E che cosa dovrebbero dire le migliaia di persone che manifestano pacificamente?

"Ai miei tempi, negli anni Settanta, quando militavo in Lotta continua, c'era un servizio d'ordine, anzi ogni movimento aveva il suo che impediva sconfinamenti, violenze, pestaggi".

Forse oggi non sono così organizzati?

"I segnali premonitori, chiamiamoli cosi, li hanno visti tutti".

Quali?

"Se nel corteo qualcuno inalbera uno striscione con la scritta Dal fiume al mare, o si bruciano i manichini di Trump o di Netanyahu o, peggio, di Giorgia Meloni, allora il finale è prevedibile".

D'accordo, ma in concreto?

"Queste manifestazioni sono lo specchio della sinistra di oggi".

E cosa riflette lo specchio?

"L'assenza di una leadership capace di imporre una linea. E poi, la fascinazione per la linea più movimentista e barricadera, quella che infine genera la violenza con una puntualità imbarazzante".

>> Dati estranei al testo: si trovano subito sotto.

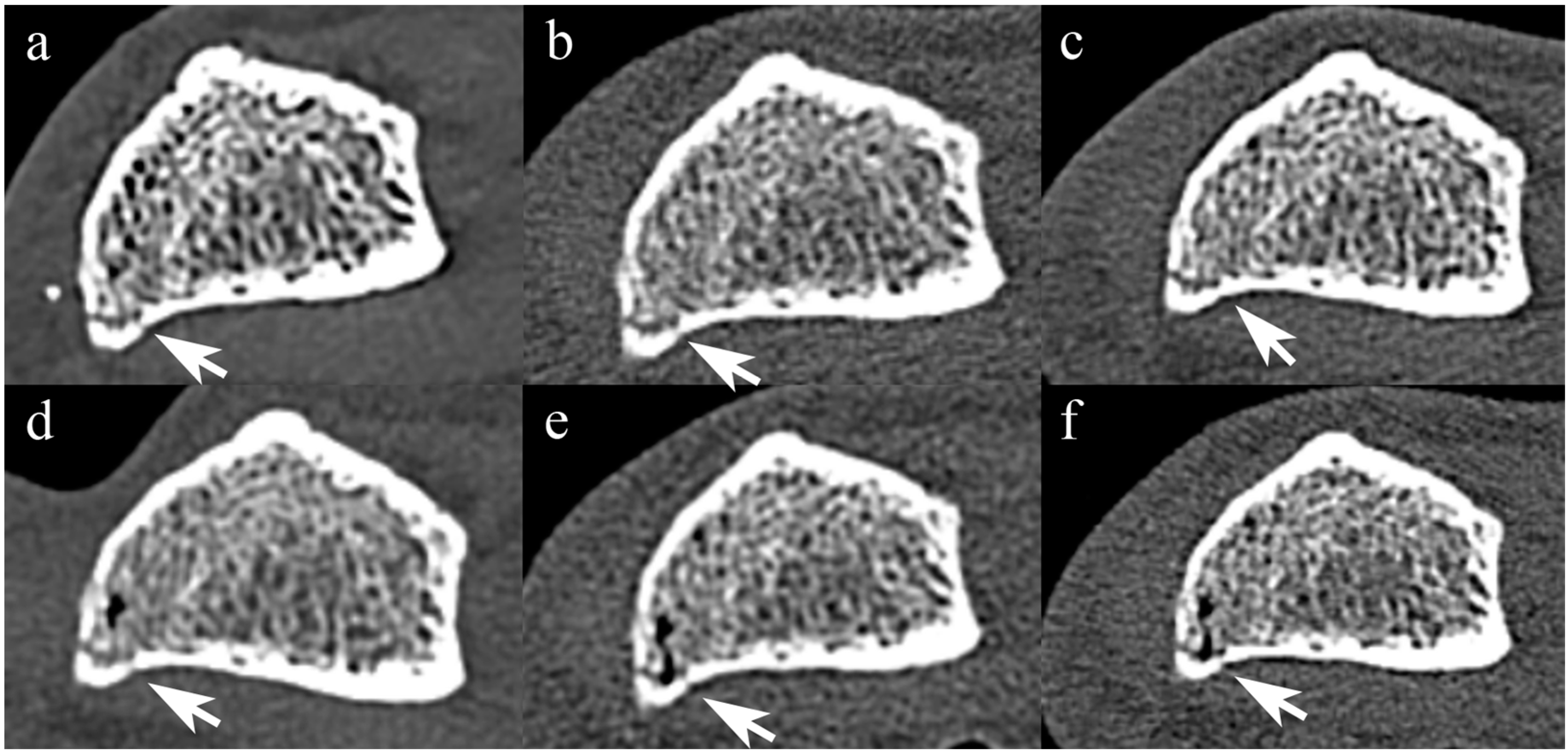 Diagnostics 14 00350 g004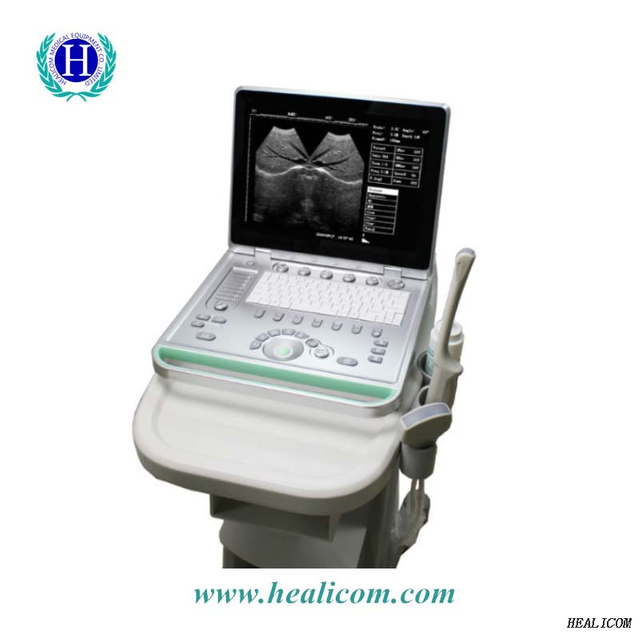 HV-7 Volldigitaler B-Modus Tragbarer Laptop Medizinischer Veterinär-Ultraschall-Scanner Diagnostisches Tierarzt-Ultraschallgerät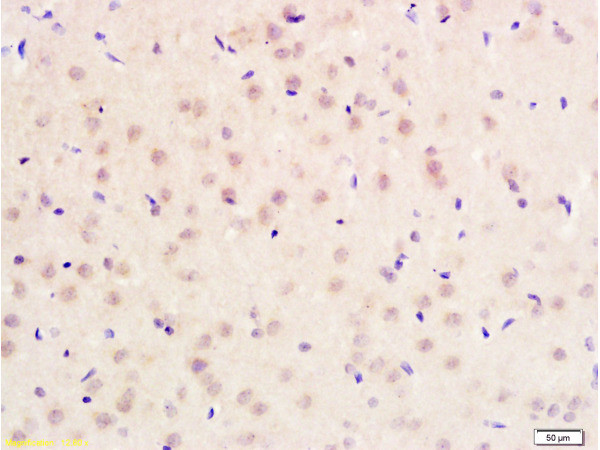 PITX3 Antibody in Immunohistochemistry (Paraffin) (IHC (P))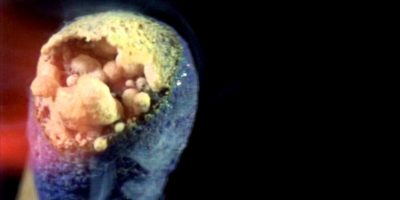 Picture This Video Of A Match Burning In Slow Motion Is A Must Watch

Le condanne arrivano sempre fuori tempo massimo.

"La verità è che i violenti rientrano nell'antica categoria dei compagni che sbagliano. Ma in definitiva sono nell'album di famiglia. Certo, poi ci sono i distinguo, le dissociazioni e naturalmente nessuno mette in discussione la buona fede dei più. Ma l'evidenza è dentro i cortei, negli slogan contro Israele, contro gli Usa e contro l'Occidente".

C'è un clima di ambiguità?

"Certo, che si somma all'incertezza di fondo e all'ipocrisia di cui parlavo. Se mezza sinistra perde la testa per Francesca Albanese e per le sue posizioni così unilaterali, così sbilanciate, così filo Hamas, tanto da mettere a tacere il sindaco di Reggio Emilia, allora qualcosa non quadra. Allora non ci si deve stupire di nulla".

I violenti vanno messi alla porta prima?

"Quando il Pci, dopo una lunga stagione di tolleranza, sposò la linea dura, l'apparato del partito, i suoi quadri, il suo servizio d'ordine, tutti si misero a isolare l'ala violenta del Movimento. In ogni caso, tutti sapevano come regolarsi e non c'era margine per contestazioni improvvisate. Se si scatenavano i facinorosi, voleva dire che tutto era stato premeditato. Ci fu solo un momento in cui la situazione sfuggì di mano".

Quando?

"A Ponte Garibaldi, nel '77, gli autonomi tirarono fuori le pistole e i poliziotti iniziarono a sparare. Sappiamo come finì".

E come finì?

"Le forze dell'ordine risposero e morì Giorgiana Masi. Ma c'è un altro indicatore di violenza".

Quale?

"Le ultime manifestazioni, a pace firmata, a Milano e Udine, erano non per la Palestina ma contro Israele. Più chiaro di così.

Non solo: così i pro Pal diventano anti Pal perché se i palestinesi non riconoscono Israele la situazione non cambierà mai. Ora si dovrebbe prendere atto che l'accordo firmato non riguarda solo Israele la Palestina ma tutto il Medio Oriente ed è un passo in avanti gigantesco".